Kill-flag in two-address instruction tied operands

Hi,

Two-address instructions are represented as normal three-address instructions with a Desc bit that indicates the first two operands are tied together. The question is, should the second operand have a <kill> flag?

b: %R0<def> = MUL %R0<kill>, %R1<kill>

I think the current policy is a: There should be no kill-flag. The machine code verifier has code to handle the missing <kill> flag, and the regscavenger asserts if the <kill> flag is set.

Recently somebody (possibly myself) has been setting <kill> flags on my tied use operands, causing regscavenger to assert.

I just want to verify the policy regarding two-address <kill> flags:

Case a: <kill> is not allowed. I should add a check to the verifier for this. Find out who is setting the flags.
Case b: <kill> is mandatory. Remove special-case code from verifier, fix regscavenger.
Case c: <kill> is don't care. Fix regscavenger.

My vote goes to b: Then you don't need special-case code for two-address instructions. (Except for places that need special treatment of two-address instrs for other reasons).

/jakob

Hi,

Two-address instructions are represented as normal three-address
instructions with a Desc bit that indicates the first two operands are
tied together.
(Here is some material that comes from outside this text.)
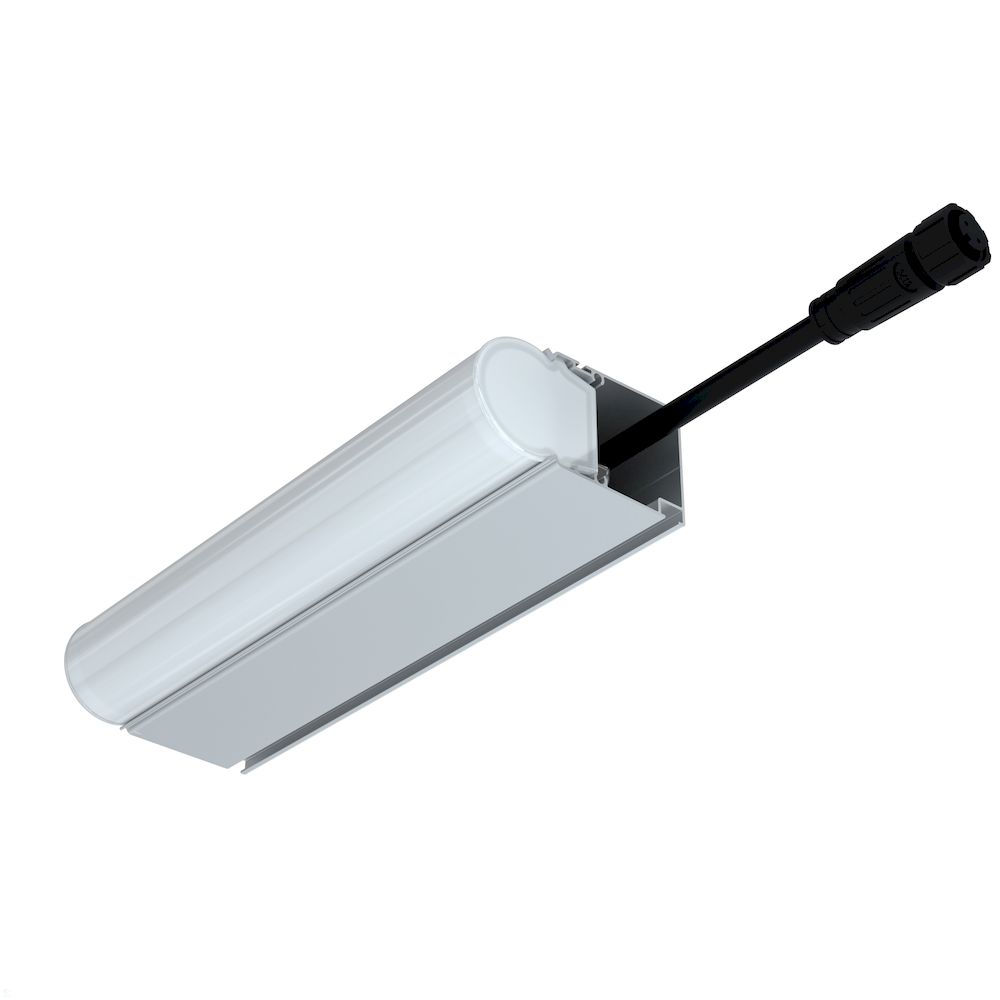 Модерн v2.0 1,5 180мм (9Вт/м) 48В DC CRI80 5000К Опал (Профиль, транзитное штепсельное соединение)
The question is, should the second operand have a
<kill> flag?

a: %R0<def> = MUL %R0, %R1<kill>
b: %R0<def> = MUL %R0<kill>, %R1<kill>

I think the current policy is a: There should be no kill-flag. The

Right.

machine code verifier has code to handle the missing <kill> flag, and
the regscavenger asserts if the <kill> flag is set.

Recently somebody (possibly myself) has been setting <kill> flags on
my tied use operands, causing regscavenger to assert.

I just want to verify the policy regarding two-address <kill> flags:

Case a: <kill> is not allowed. I should add a check to the verifier
for this. Find out who is setting the flags.
Case b: <kill> is mandatory. Remove special-case code from verifier,
fix regscavenger.
Case c: <kill> is don't care. Fix regscavenger.

It's 'a'.

My vote goes to b: Then you don't need special-case code for two-
address instructions. (Except for places that need special treatment
of two-address instrs for other reasons).

Two-address operands are being treated differently because they are indeed different, we are not about to change that.

Evan

Thanks, I'll add a check to the verifier so it barfs on kill flags. Currently it implements c: Don't care.